A riportarla dagli inferi sabaudi al Nuovo Cinema Paradiso, ci pensa nel 1982 il Verona, poi dei miracoli…

“Mi acquista dalla Juventus per un miliardo e duecentomila lire. Una cifra, che per un singolo calciatore non avevano mai sborsato. Sì, lì ho ritrovato il paradiso delle mie origini, ai margini del mondo che contava. Lì ho ricominciato a volare. Osvaldo Bagnoli, a cui devo la mia intera felicità calcistica, mi ha capito, lasciandomi libero di seguire il mio istinto, come quello che mi allenava quando ero bambino. Mi ha fatto risentire importante, mettendomi, come si dice oggi, al centro di un progetto che fortunatamente non aveva limiti prestabiliti. E io rivivevo la magia di correre là dove il campo sta per finire, saltare chi aveva il compito di marcarmi e crossare. Una, due, dieci volte, sino a quando il fiato te lo consente. Ma non c’ero solo io. Tutti insieme appassionatamente abbiamo toccato il cielo con un dito, arrivando a vincere uno scudetto in una città che aveva sempre pensato solo a salvarsi. Ricordo una famiglia, un padre, tanti fratelli, Domenico Volpati era quello maggiore, uno spogliatoio unito e granitico, come non avevo conosciuto prima e non avrei più ritrovato dopo. Ricordo un calcio che stava già cambiando. Non ci sarebbe stato più spazio per una favola come quella del Verona. Il nostro scudetto è stato l’ultimo treno preso al volo. Prima che arrivasse il calcio di Silvio Berlusconi”.

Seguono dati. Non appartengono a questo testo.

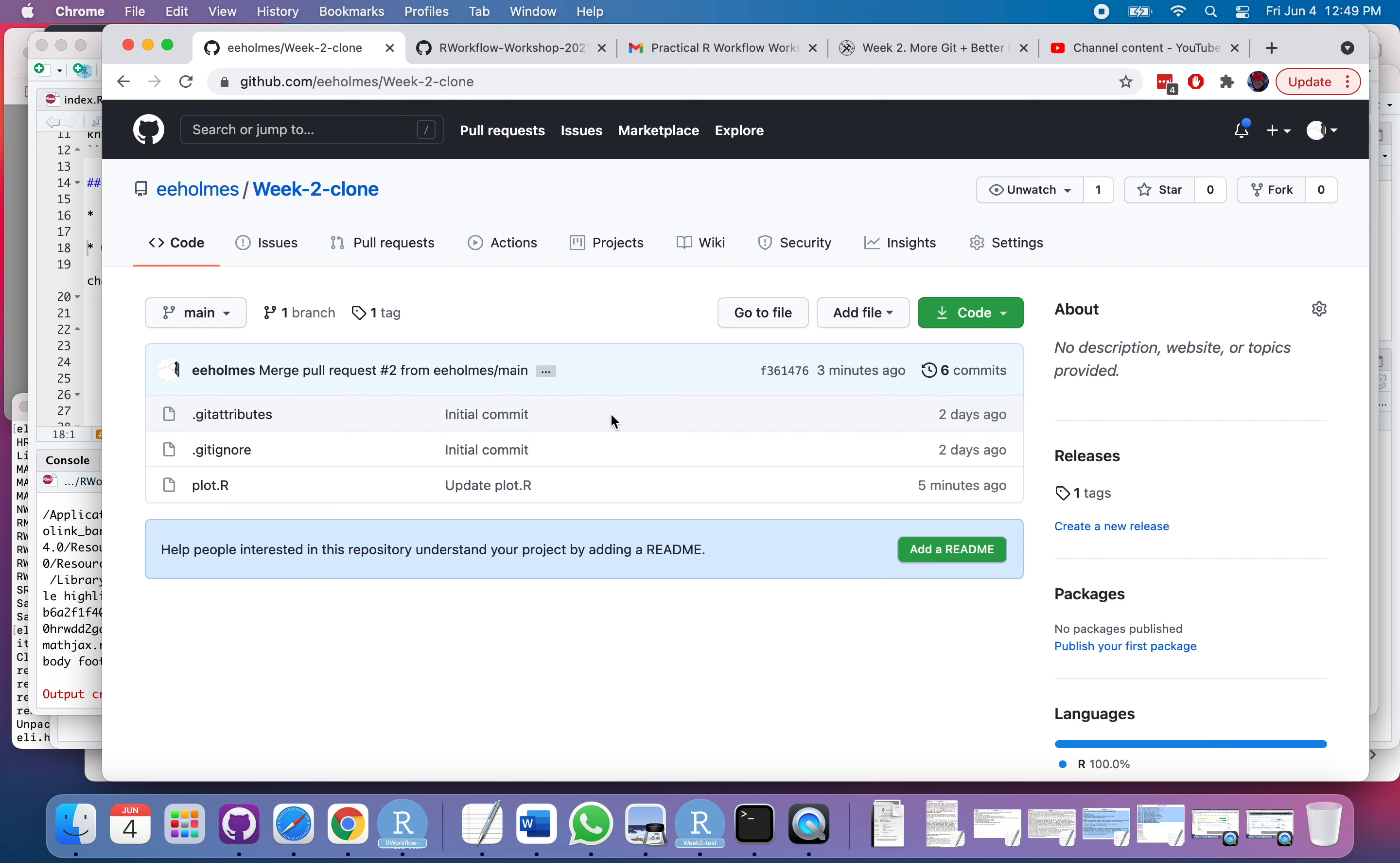So when would you use this cloning versus forking? Well, it really just depends on why you're making a copy of that repository and what you plan to do with it. So for me, personally,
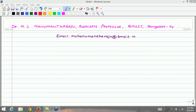Welcome to the second lecture on basic electronics. In this lecture we are discussing module 1: semiconductor diodes and applications. Today, let's have a look at the introduction to semiconductor diodes.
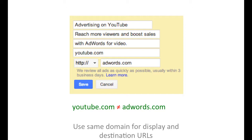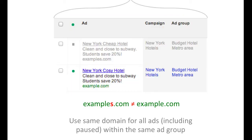Let's say that your ad takes users to the website youtube.com. Your ad's display URL must also contain the exact same youtube.com, and not adwords.com or any other site or domain variation. Another requirement is that all display URLs within a single ad group must refer to the same website. This applies to all active and paused ads within an ad group. If you want to advertise a different site, create a new campaign or a new ad group.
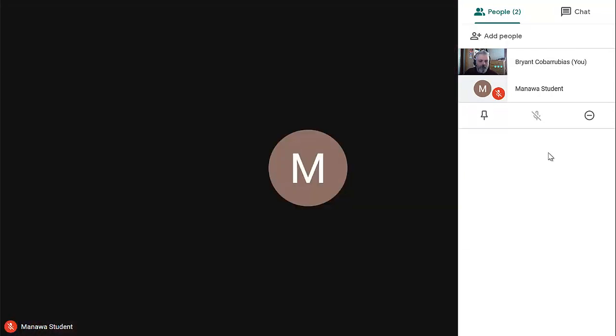So, as your people enter, you might want to either have them mute themselves or you mute them. Otherwise, you have, you know, 20 people talking at once. That can be a little hectic. One utility you might want to use is the chat feature. Perhaps you could ask your students to ask any questions via the chat and you can answer them that way. That's just kind of one way to do it.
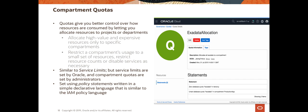In a sense your compartment quotas are similar to service limits that we just looked at, but the biggest difference is that service limits are set by Oracle and compartment quotas are set by administrators in the tenancy. Compartment quotas are set using policies that allow you to allocate resources with a high level of flexibility. These policy statements are written in a fairly simple declarative language which is similar to the IAM policy language.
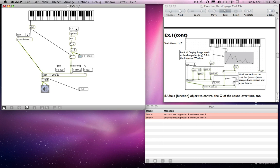So we can obviously increase the speed of that. So we have a means of modulation.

Dall’apoteosi alla corsa tutta in salita nell’Inter…

“Con il senno di poi è stato un errore. A Milano ritrovavo Giovanni Trapattoni, l’allenatore del feeling mai sbocciato ai tempi della Juve. Purtroppo, è accaduto, una, due volte, sempre. Andavamo in vantaggio e, in tempo reale, si alzava la paletta che sanciva l’ingresso di un difensore al posto mio. E, sostituzione dopo sostituzione, ho perso, una volta ancora, la felicità di essere me stesso. Il campione d’Italia Pierino Fanna si vedeva costretto a correre a fari spenti, senza né luce, né certezze. E pensare che mi era arrivata un’offerta dal Napoli di Maradona, ma io avevo voluto fortissimamente l’Inter, la squadra per cui tifavo da bambino. Hanno detto e scritto che io avrei avuto un problema con le grandi città. La verità è che all’epoca gli allenatori dettavano non solo le formazioni, ma anche la cornice e le incompatibilità. A distanza di tanto tempo, posso dire che io e il grandissimo Trapattoni non eravamo fatti l’uno per l’altro”.

Segue il calcio di oggi?

“Poco o niente. È diventato per i miei gusti troppo fisico e fuggente. Le rose si sono gonfiate a dismisura e non si fa in tempo ad affezionarsi a un calciatore che già va via. Si gioca all’infinito, ma non ci sono più favole da leggere. La mia nuova passione è fare il nonno. Tommaso e Alice vivono a Roma. Qui a Verona corre, invece, Leonardo, il Fannino che porta e tramanda il mio cognome. Per il resto, continuo la mia corsa: quindici chilometri al giorno, con il ciglio della strada che mi ricorda la linea del fallo laterale”. 

A proposito di ricordi, c’è da raccontare a chi non c’era le due giornate che hanno fatto la storia del calcio a Verona?

“L’anno che verrà festeggeremo 40 anni. La matematica dello scudetto è arrivata il 12 maggio a Bergamo contro l’Atalanta. Con una città intera a mandare in tilt l’autostrada, prima di riempire sino all’inverosimile lo stadio. La settimana dopo, contro l’Avellino, ci fu l’apoteosi. Ricordo, come se fosse ora, l’attimo in cui sbucai insieme a tutti i miei fratelli dal sottopassaggio. Guardai all’insù e pensai di non aver più niente altro da vedere nella vita”.
Da nonno ha cambiato anche la tipologia della sua colazione?
“No, pane, burro e zucchero. Ora come allora. Della vita non si butta niente”.